Non è da escludere, intanto, che ciò che, rispetto al proprietario di un dato terreno e sottosuolo, sia, per un altro soggetto, vero e proprio suolo. Così è chiaro che la galleria ferroviaria scavata sotto una montagna, non è sottosuolo se non rispetto ai proprietari dei terreni soprastanti. Per essa, dunque, in profondità e in altezza, si pone il medesimo problema dei limiti, che, così, acquista più complessa fisionomia perché si può porre come problema di confini (in senso verticale) tra proprietari vicini. Del resto il problema dei confini tra proprietari vicini soltanto nella sua semplice espressione va posto sul piano orizzontale, poiché spesso esso si pone rispetto a piani paralleli (caso di dislivelli) o rispetto a piani tangenti lungo una linea (proprietà delle falde di una collina). Qui i principi relativi all'estensione della proprietà nel senso sopra detto (rapporto tra il proprietario e i terzi) si complicano e combinano con quelli relativi ai rapporti di vicinato (rapporto tra proprietario e proprietario).

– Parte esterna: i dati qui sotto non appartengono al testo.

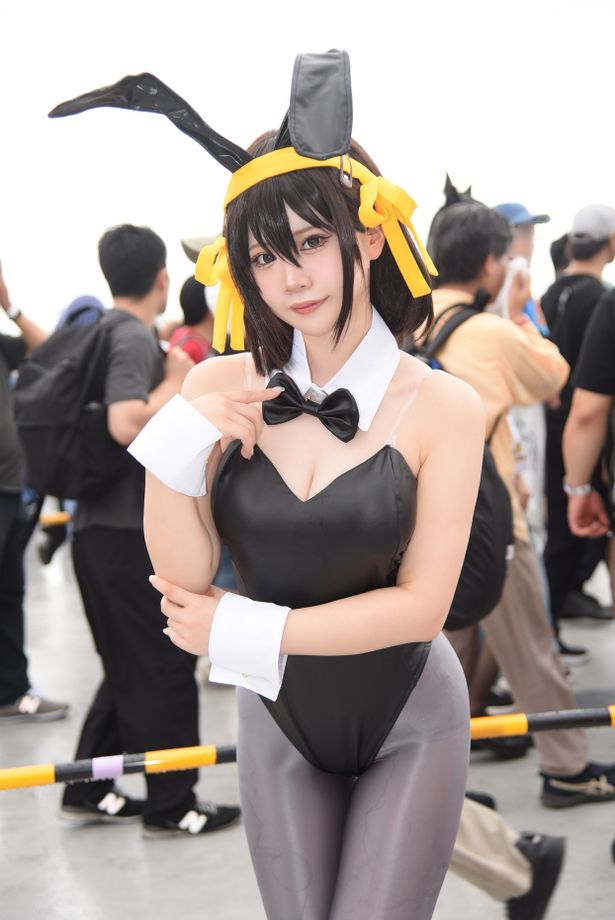 【写真を見る】タイトなバニースーツ姿の涼宮ハルヒなど、魅力的なコスプレイヤーを一挙に紹介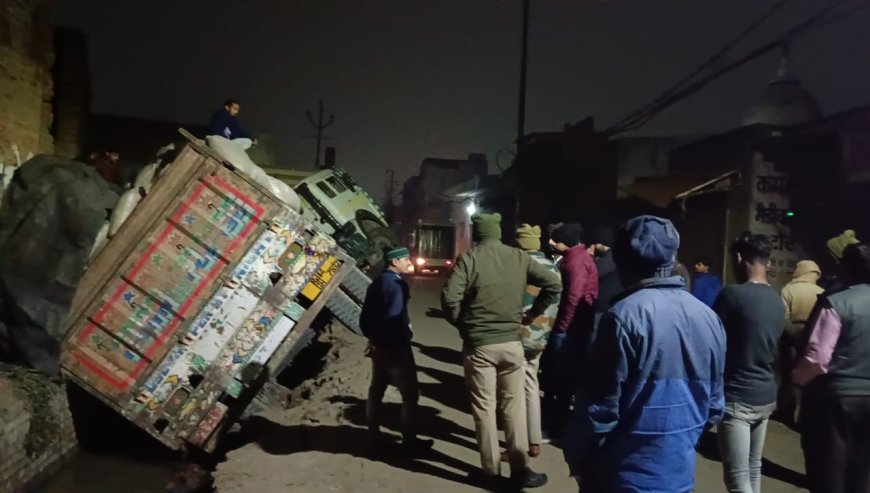 ओवरलोड ट्रक अनियंत्रित होकर नाले मे गिरा, बड़ा हादसा टला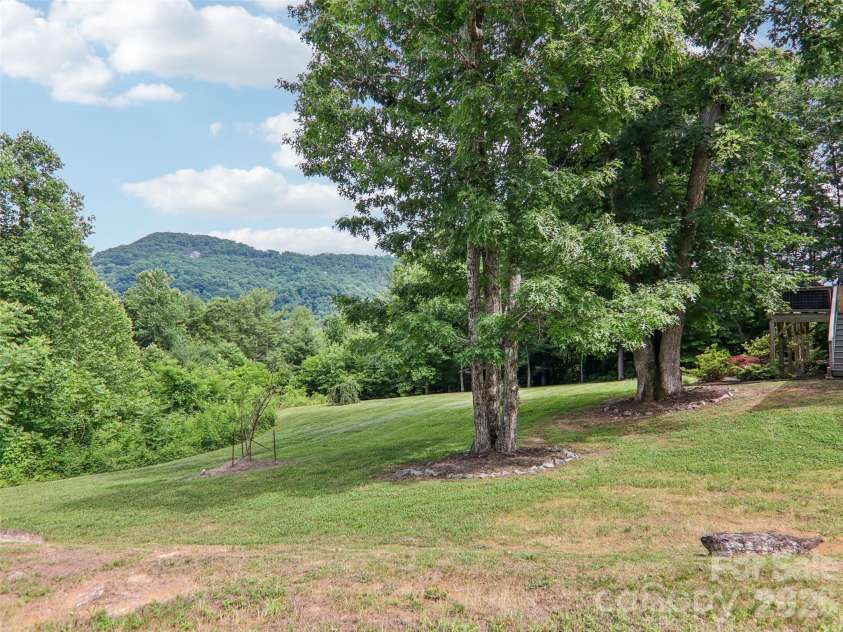 77 Willow Stone Way, Hendersonville, NC 28792.  MLS# CAR4392902, YatesRealty ID 29806. 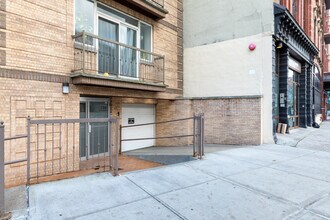 Williamsburg Mews in Brooklyn, NY - Building Photo - Building Photo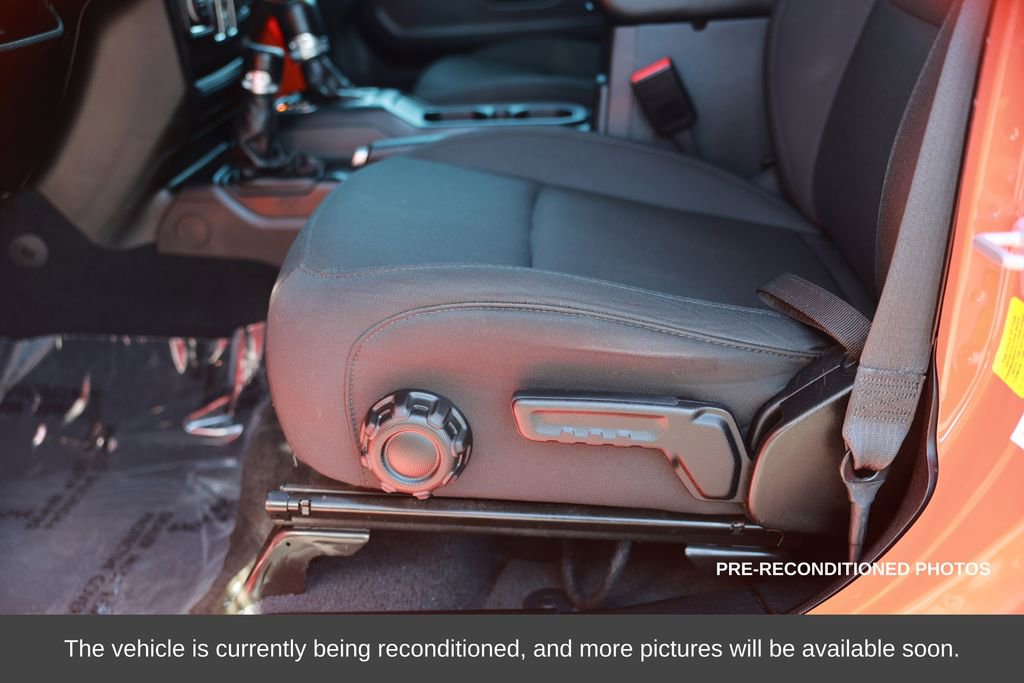 Used 2023 Jeep Wrangler Unlimited w/ 8.4" Radio Group image 19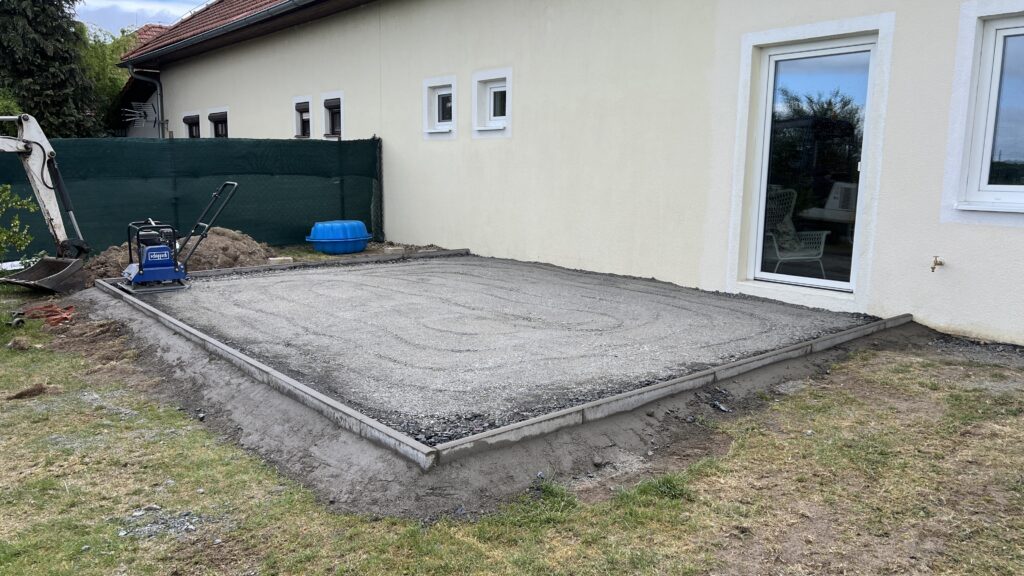 Příprava a hutnění podloží zahradní terasy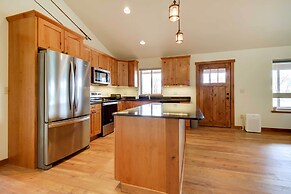 Beautiful Jefferson River Cabin w/ Mountain Views!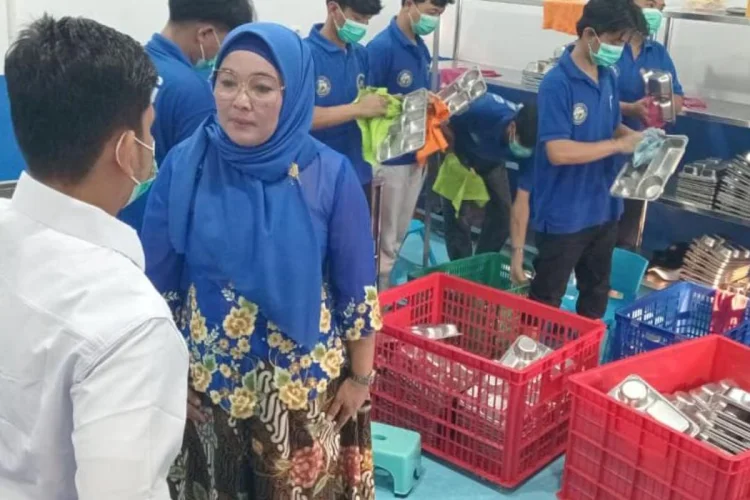 Tekan Angka Pengangguran, Tiga Dapur SPPG Milik Sintha Serap Hingga Ratusan Pekerja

Nell'ultimo esempio, infatti, finché esiste un interesse dei proprietari, il piano bisettore dell'angolo formato dall'incontro dei due piani costituisce il confine che divide la proprietà di un soggetto da quella dell'altro. Di una immissione di terzi in questa zona non si può certo parlare, perché essi potrebbero essere esclusi tanto dall'uno quanto dall'altro proprietario. Crescendo, però, verso le falde della collina, la distanza tra i due fondi, si potrebbe ammettere che ad un certo punto venisse meno l'interesse all'esclusione, sia da parte dell'uno come da parte dell'altro proprietario: si verrebbe così a formare una zona che costituirebbe quella zona libera nella quale non si farebbe sentire l'influenza del diritto di proprietà. E proseguendo si potrebbe pervenire alla zona libera, che non è, in atto, oggetto di diritti. In questo caso, tale zona libera risulterebbe delimitata sia in senso verticale che orizzontale.
È facile comprendere che queste ipotesi sono ridotte alla massima semplicità e che in pratica esse possono risultare notevolmente complesse.